サマリー
◆中国で格差問題が改めて注目されている。2012年11月8日から14日まで行われた中国共産党第18回党大会の期間中、胡錦濤前総書記は2020年までに全面的な小康社会(ゆとりのある社会)を実現するための目標のなかで、急速な経済成長による貧富の格差拡大の是正を強調した。さらに、米国の調査機関であるPew Research Center が2012年に発表した報告によれば、中国人の81%が、この数年で富裕層はさらに富み、貧困層はさらに貧しくなったと回答している。
◆格差の中でも最も問題となるのが都市・農村間格差である。国家統計局によると、都市・農村間の所得格差は2009年には3.33倍まで達した。その後農村部の賃金収入が拡大したことで2011年時点では所得格差は3.13倍と改善したが、ILO(国際労働機関)によれば多くの国では都市・農村間の所得格差は1.6倍以内とされ、国際的に見ても中国の都市・農村間格差は極めて大きい。

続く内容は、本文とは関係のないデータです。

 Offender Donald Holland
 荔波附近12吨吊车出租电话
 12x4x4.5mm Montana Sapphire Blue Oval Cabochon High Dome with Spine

◆今後中国政府は所得格差を縮小するため、大きく分けて「高所得者の所得を抑制する」「低所得者への支援を強化する」といった2つの手段を取ることが可能であるが、前者の手段を取ることはかなり困難であろう。その理由は高所得者の中には国有企業の幹部や高級官僚などの既得権益層が多く、彼らに不利益を与える政策は進めにくいことが考えられる。
◆高所得者の所得抑制が現実的に難しいとみられることから、格差を縮小するためには低所得者への支援を大幅に強化することが必要とされる。具体的には内陸部を中心とした低所得層の多い農村部を支援するため、[1]最低賃金を引き上げる、[2]農産物の買い入れ価格を引き上げる、[3]都市化の進展、などの政策をさらに推進すると考えられる。中国政府は輸出・投資主導経済から消費主導経済への転換を目指しており、消費の源泉となる所得を増加させる効果がある政策を持続すると考えられよう。